CheapAir.com is an American online travel agency, established in 1989 by Jeff Klee. Based in Agoura Hills, California, with an additional office in Chicago, CheapAir is a privately owned company under the parent company AmTrav. According to Travel Weekly, CheapAir.com, under the parent company AmTrav, is ranked #38 on the 2022 Power List of Travel Agencies in the United States.

==History==
Founded in 1989 by CEO, Jeff Klee, out of his University of Michigan dorm room, CheapAir.com was originally known as 1-800-Cheap-Air prior to the website launch in 2000. In 1993 Craig Fichtelberg became a co-founder and president and began the nationwide expansion from California to Chicago to NYC.

In 2011, CheapAir.com announced Price Drop Payback, a program that guarantees to reimburse any price difference before a flight.

In 2012, after airlines began adding ancillary revenue, CheapAir.com added amenities like WiFi, movies, Live TV, and power ports, to its online shopping display.

In September 2012, CheapAir.com launched “Easy Search”, which lets users enter natural language to search for travel deals, becoming one of the first travel websites to offer semantic search.

In March 2013, CheapAir.com created the first voice-activated flight search app for iOS devices. The app won a Travel Weekly award and was named one of the best apps and websites for travelers.
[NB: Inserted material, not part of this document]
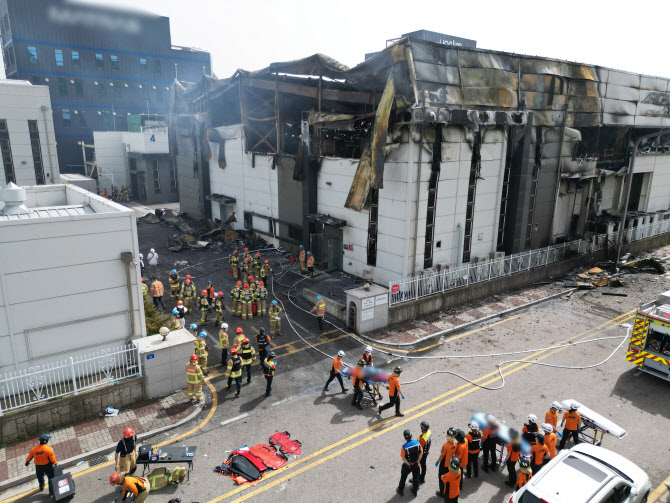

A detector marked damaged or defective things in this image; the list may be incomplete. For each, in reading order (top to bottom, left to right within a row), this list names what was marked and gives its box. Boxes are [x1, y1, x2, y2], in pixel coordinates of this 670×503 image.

In November 2013, CheapAir.com became the first travel agency worldwide to accept bitcoin as an alternate form of payment for flights. In February 2014, CheapAir became the first travel agency worldwide to accept bitcoin as an alternate form of payment for hotels. They stopped accepting cryptocurrency for payment in 2024.

In February 2015, CheapAir.com became the first U.S. travel agency to book direct flights from the U.S. to Cuba.

In July 2016, CheapAir.com was the first travel agency to launch a monthly payment option with Affirm allowing travelers to "Travel Now & Pay Later" for flights and hotels worldwide.

In October 2022, CheapAir.com goes green with a new sustainable flight feature called “Green Choice.”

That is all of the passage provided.